* [ASSIGNMENT] Further down are entries; set down exactly and only the lines from the one with "VOLVO A30G - Knækstyret dumper: billede 3 VOLVO" up to and including the one with "Coccinelle Lila Damentasche", dropping each picture.

* [INFORMATION GIVEN]
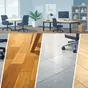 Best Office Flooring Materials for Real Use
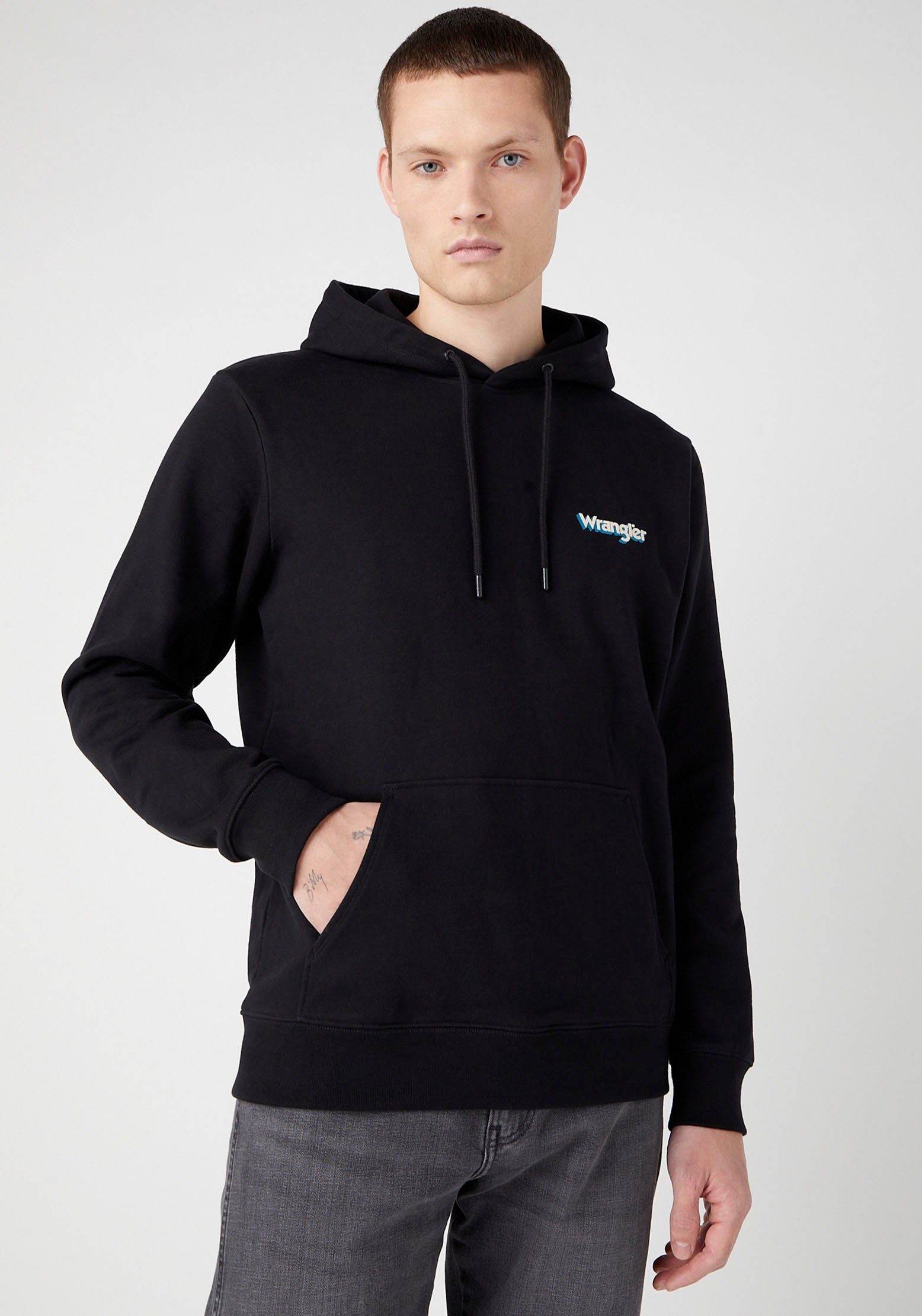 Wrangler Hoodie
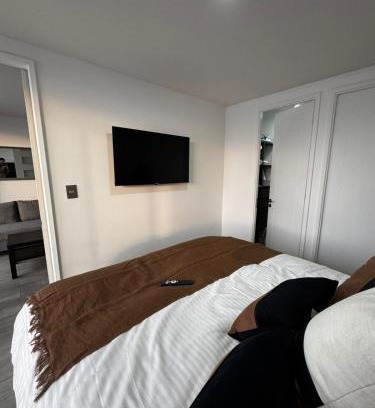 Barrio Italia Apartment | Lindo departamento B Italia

==

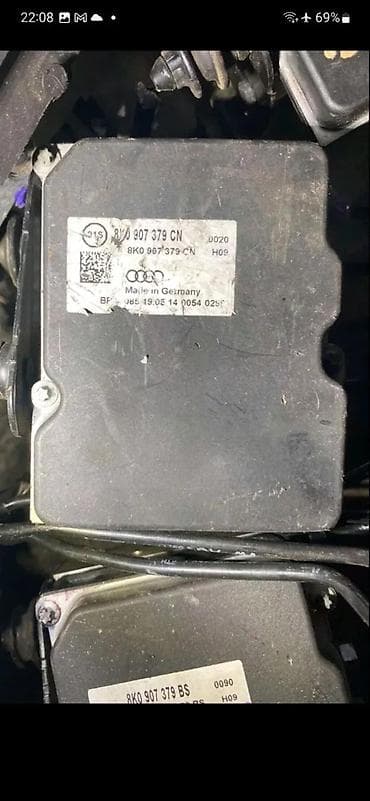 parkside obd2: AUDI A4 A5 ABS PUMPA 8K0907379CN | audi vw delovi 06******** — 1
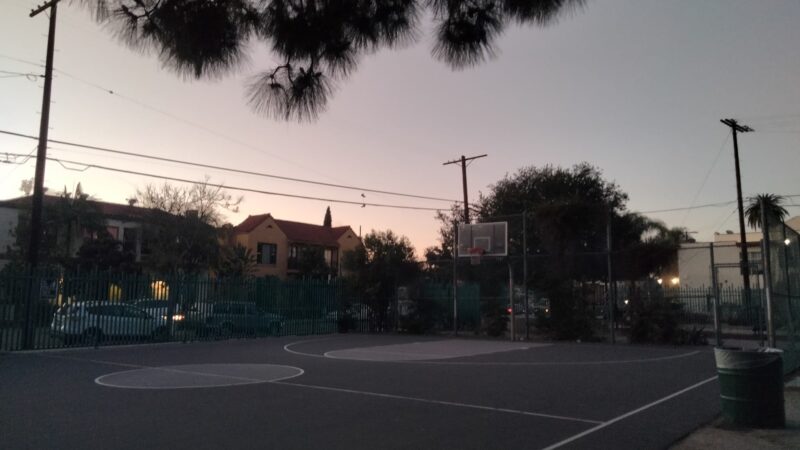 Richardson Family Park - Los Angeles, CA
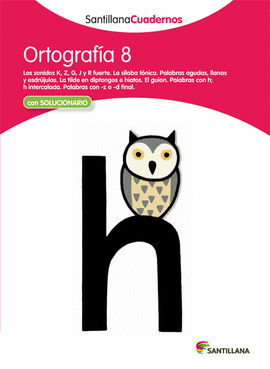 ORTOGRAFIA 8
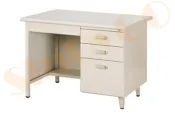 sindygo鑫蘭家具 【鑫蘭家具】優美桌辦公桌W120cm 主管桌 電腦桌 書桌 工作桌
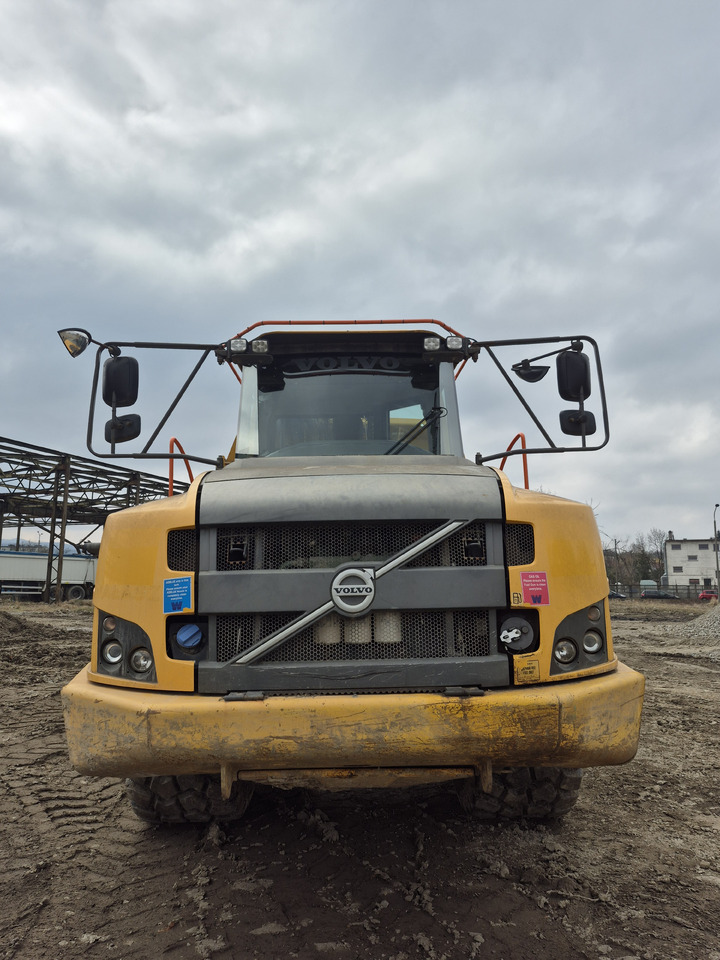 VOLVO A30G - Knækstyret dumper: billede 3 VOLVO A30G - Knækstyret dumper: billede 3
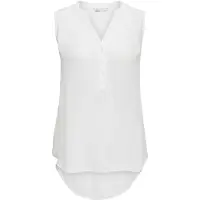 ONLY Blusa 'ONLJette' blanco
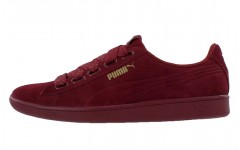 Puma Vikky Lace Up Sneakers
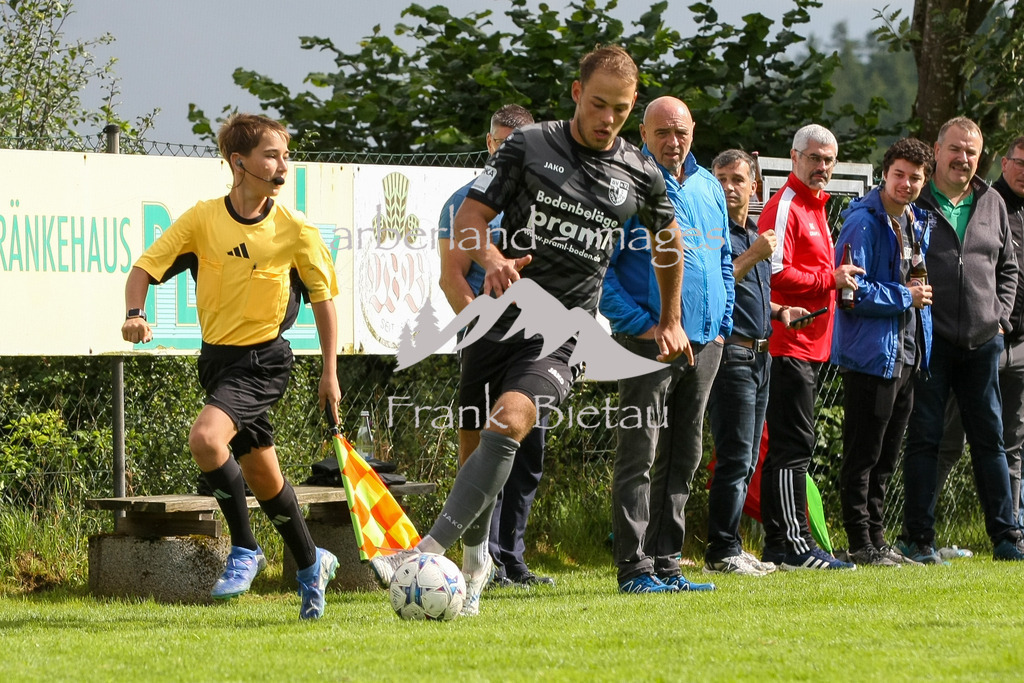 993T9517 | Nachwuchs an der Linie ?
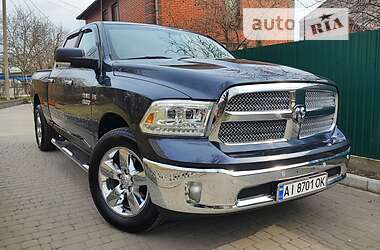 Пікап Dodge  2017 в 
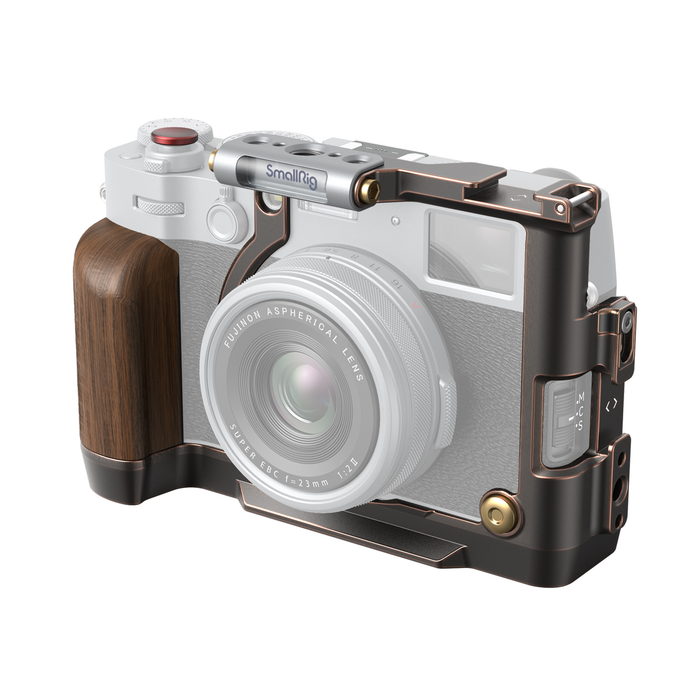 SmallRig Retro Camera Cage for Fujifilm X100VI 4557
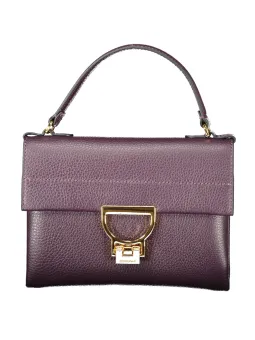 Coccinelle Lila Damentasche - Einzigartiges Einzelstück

--

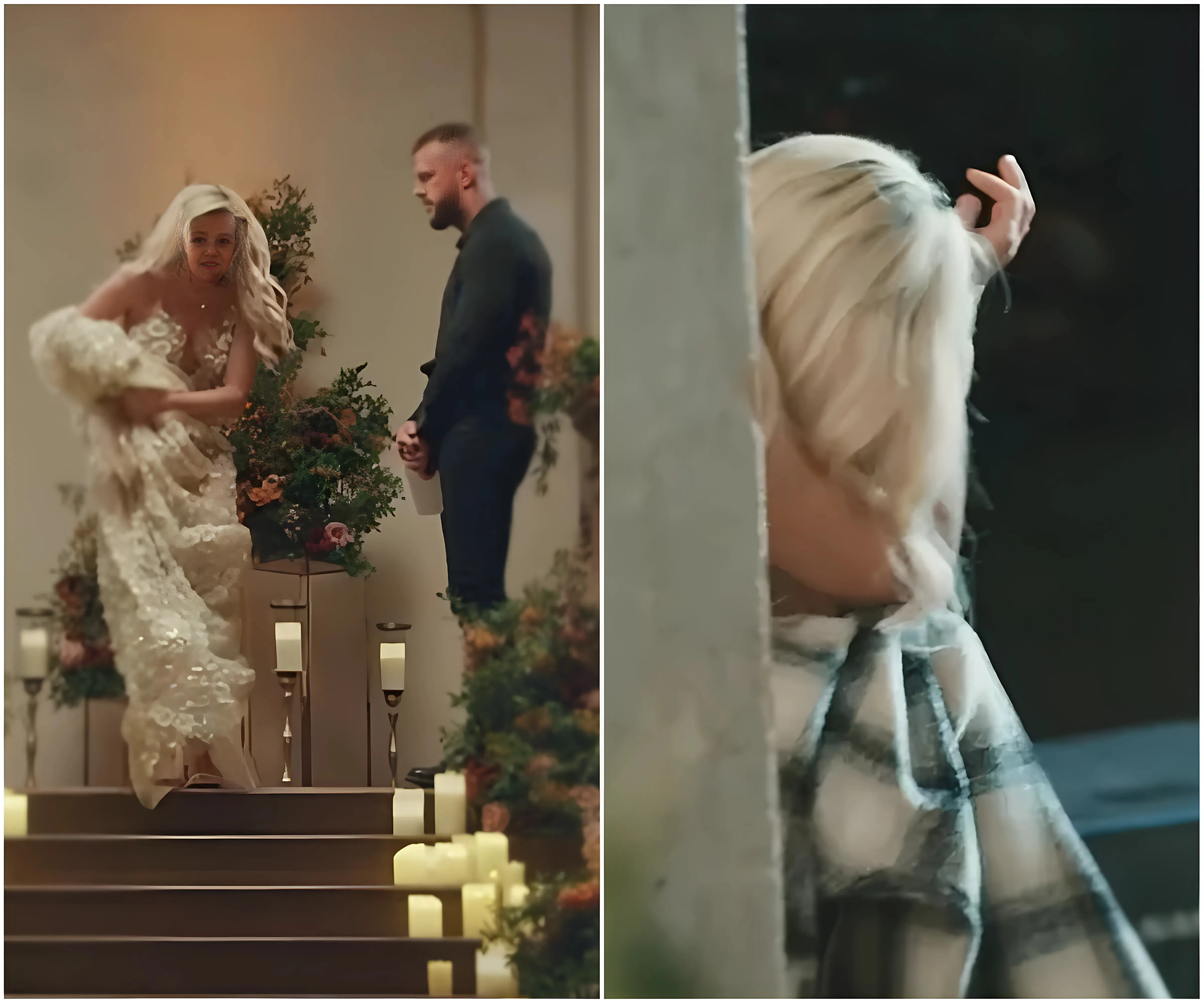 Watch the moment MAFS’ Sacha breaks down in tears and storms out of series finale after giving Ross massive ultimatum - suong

* [RESPONSE AREA]
 VOLVO A30G - Knækstyret dumper: billede 3 VOLVO A30G - Knækstyret dumper: billede 3
 ONLY Blusa 'ONLJette' blanco
 Puma Vikky Lace Up Sneakers
 993T9517 | Nachwuchs an der Linie ?
 Пікап Dodge  2017 в 
 SmallRig Retro Camera Cage for Fujifilm X100VI 4557
 Coccinelle Lila Damentasche - Einzigartiges Einzelstück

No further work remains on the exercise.